ASSIGNED TASK =
Once the pictures are set aside, retype the remaining entries exactly.

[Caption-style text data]
◇ ◇ ◇ ◇ ◇

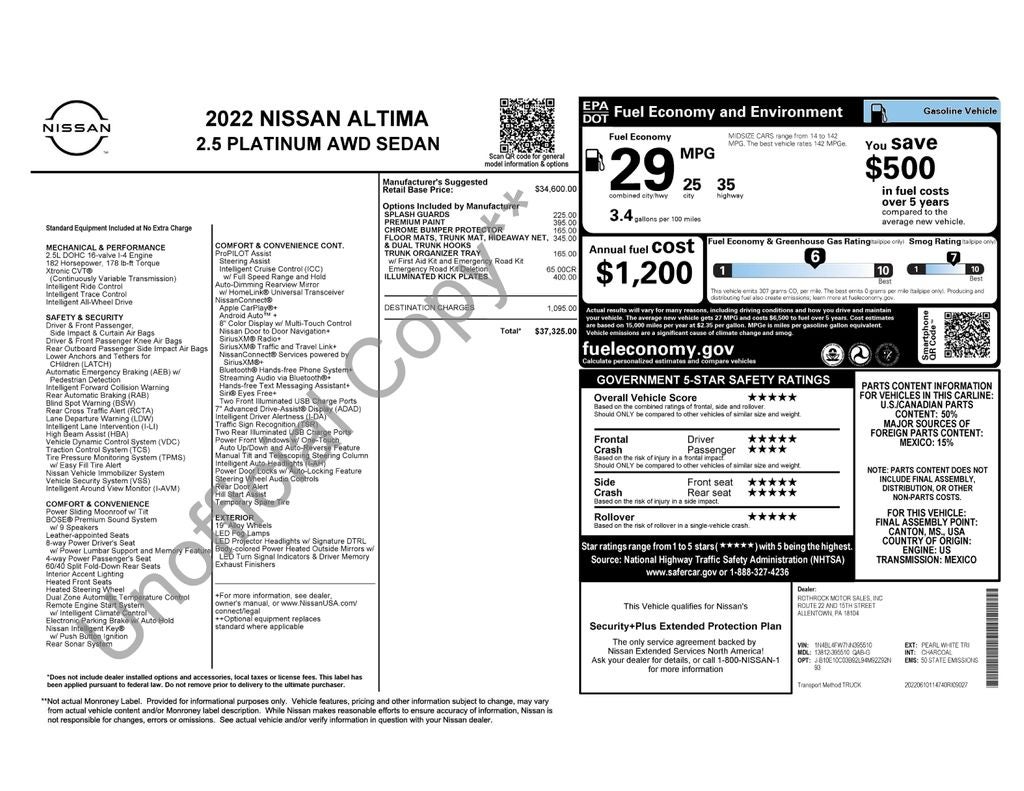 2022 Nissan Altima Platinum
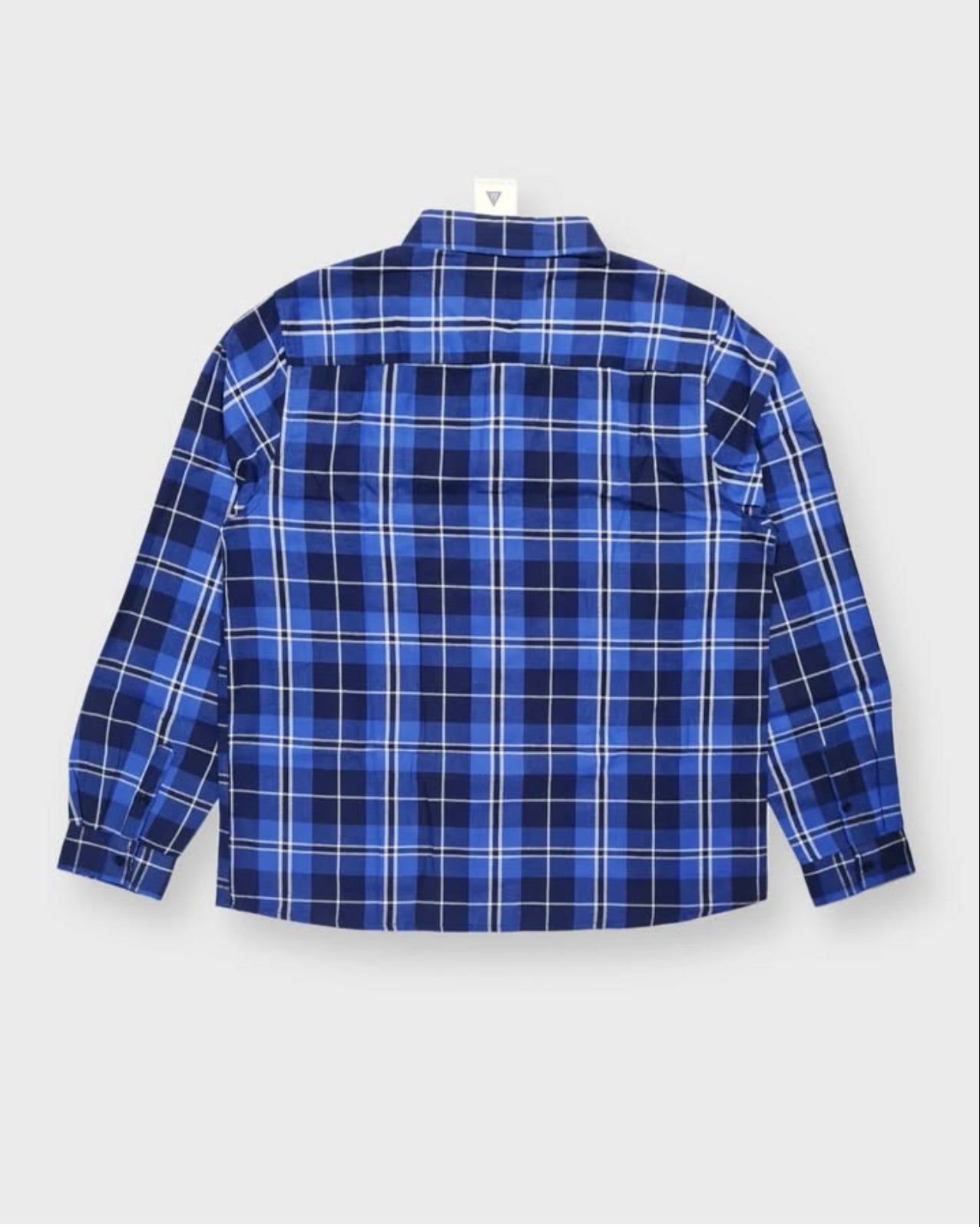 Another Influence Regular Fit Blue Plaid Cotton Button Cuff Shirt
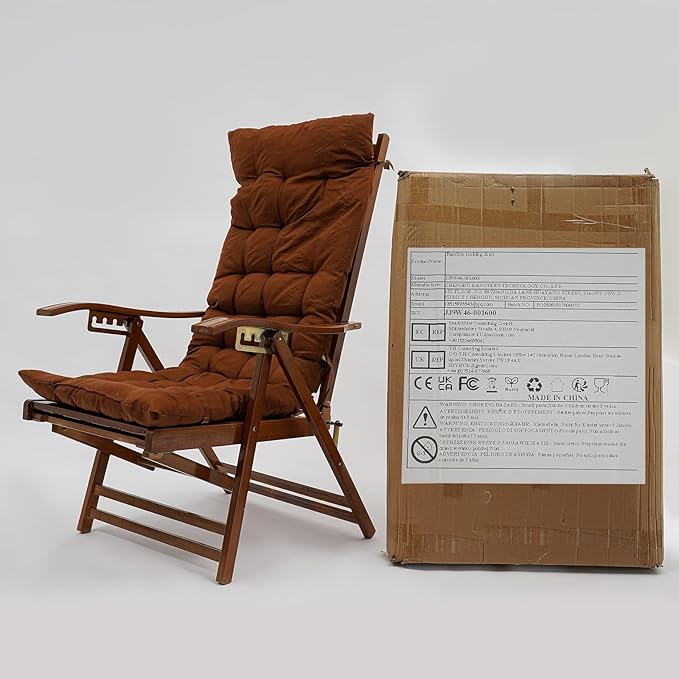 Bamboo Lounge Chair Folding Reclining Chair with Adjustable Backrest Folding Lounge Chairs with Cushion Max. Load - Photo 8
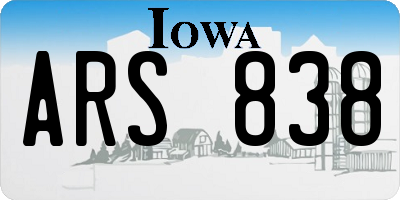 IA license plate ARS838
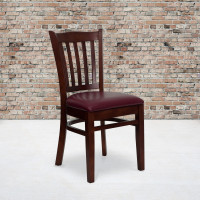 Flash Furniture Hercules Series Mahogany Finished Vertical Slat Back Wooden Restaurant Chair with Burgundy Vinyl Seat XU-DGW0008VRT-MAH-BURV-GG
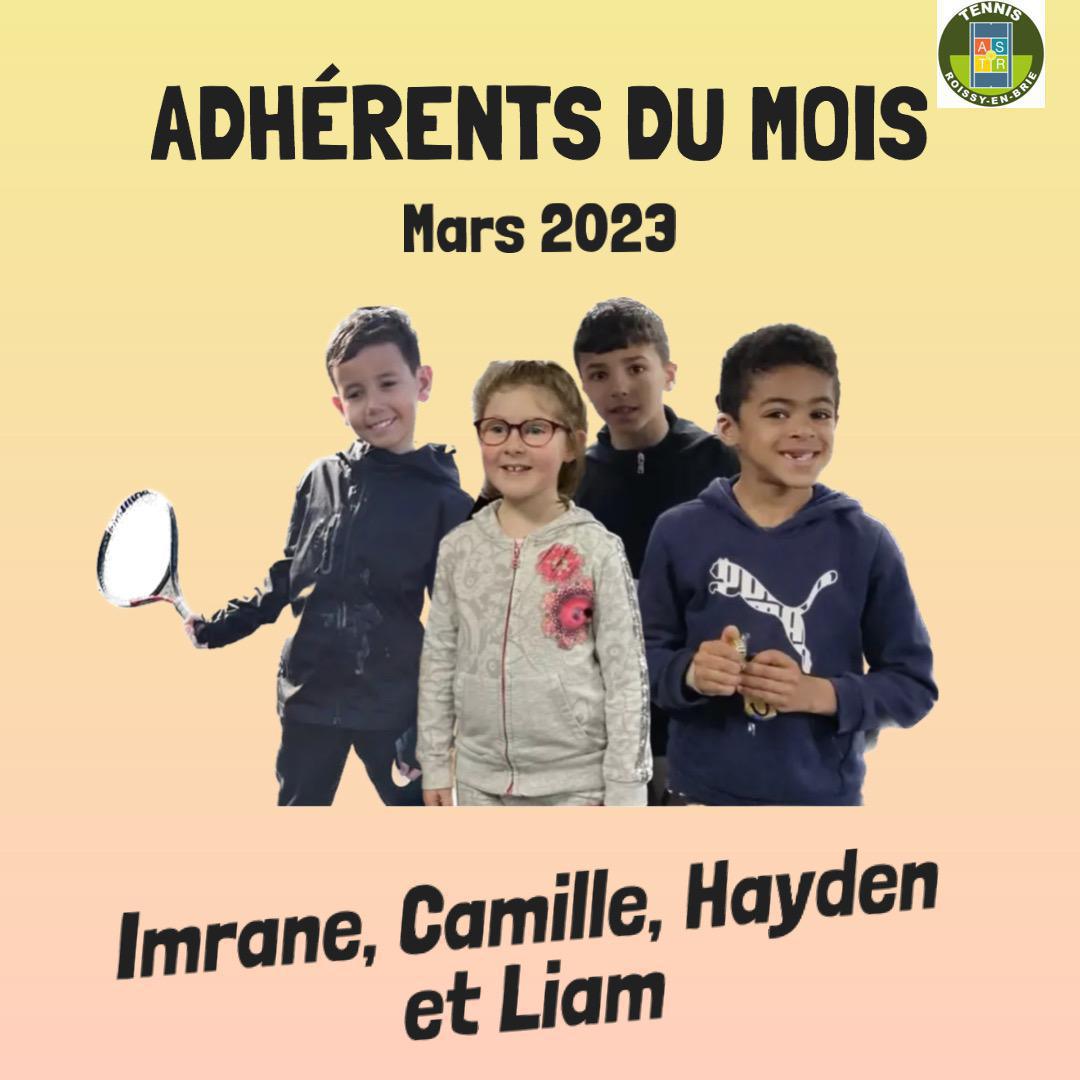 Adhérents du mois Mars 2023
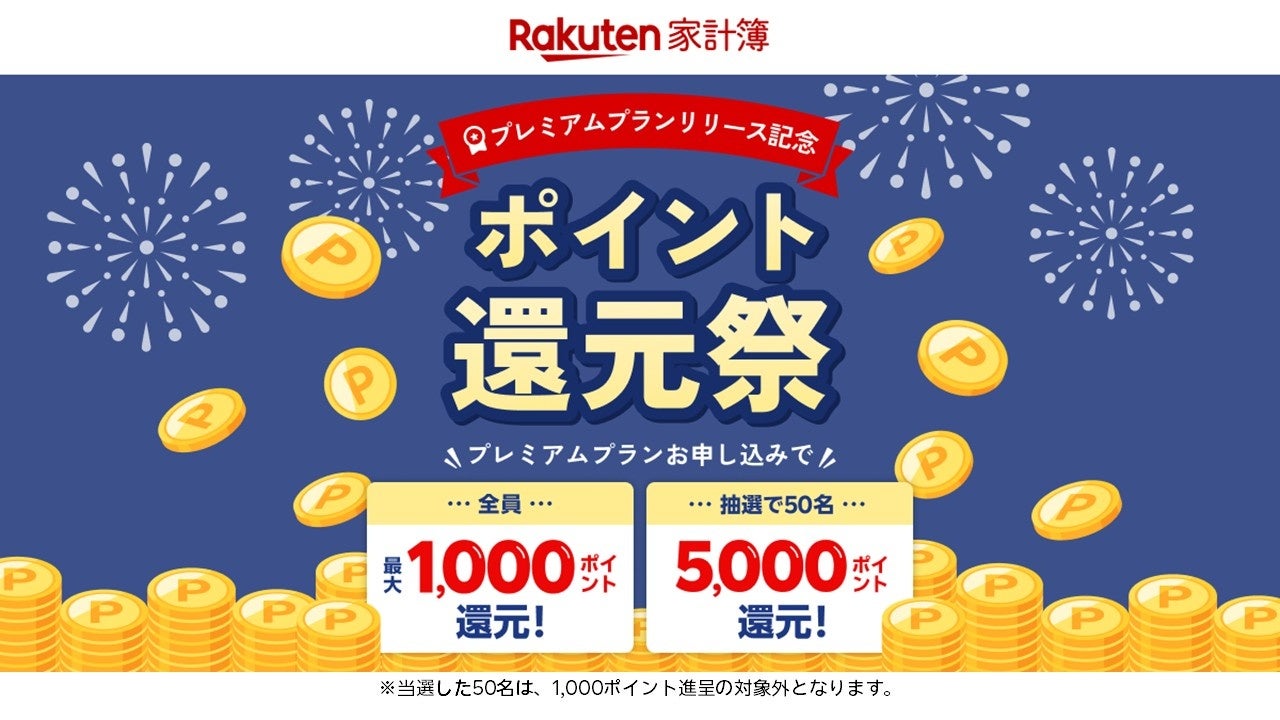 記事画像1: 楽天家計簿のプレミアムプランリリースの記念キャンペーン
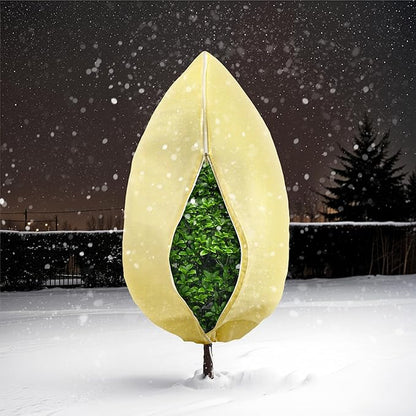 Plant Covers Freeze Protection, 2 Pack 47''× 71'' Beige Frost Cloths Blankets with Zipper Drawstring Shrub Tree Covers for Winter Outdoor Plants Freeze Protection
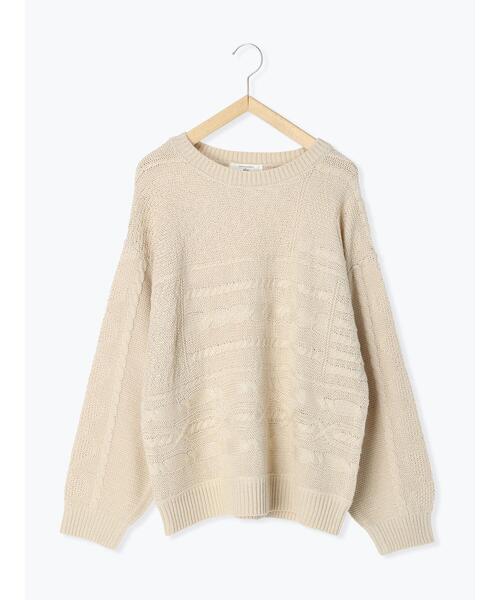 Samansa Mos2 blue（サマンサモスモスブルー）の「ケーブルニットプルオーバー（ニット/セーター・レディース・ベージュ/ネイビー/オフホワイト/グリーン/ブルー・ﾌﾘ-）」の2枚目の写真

◇ ◇ ◇ ◇ ◇

ANSWER FOR THIS EXERCISE =
 2022 Nissan Altima Platinum
 Another Influence Regular Fit Blue Plaid Cotton Button Cuff Shirt
 Bamboo Lounge Chair Folding Reclining Chair with Adjustable Backrest Folding Lounge Chairs with Cushion Max. Load - Photo 8
 IA license plate ARS838
 Flash Furniture Hercules Series Mahogany Finished Vertical Slat Back Wooden Restaurant Chair with Burgundy Vinyl Seat XU-DGW0008VRT-MAH-BURV-GG
 Adhérents du mois Mars 2023
 記事画像1: 楽天家計簿のプレミアムプランリリースの記念キャンペーン
 Plant Covers Freeze Protection, 2 Pack 47''× 71'' Beige Frost Cloths Blankets with Zipper Drawstring Shrub Tree Covers for Winter Outdoor Plants Freeze Protection
 Samansa Mos2 blue（サマンサモスモスブルー）の「ケーブルニットプルオーバー（ニット/セーター・レディース・ベージュ/ネイビー/オフホワイト/グリーン/ブルー・ﾌﾘ-）」の2枚目の写真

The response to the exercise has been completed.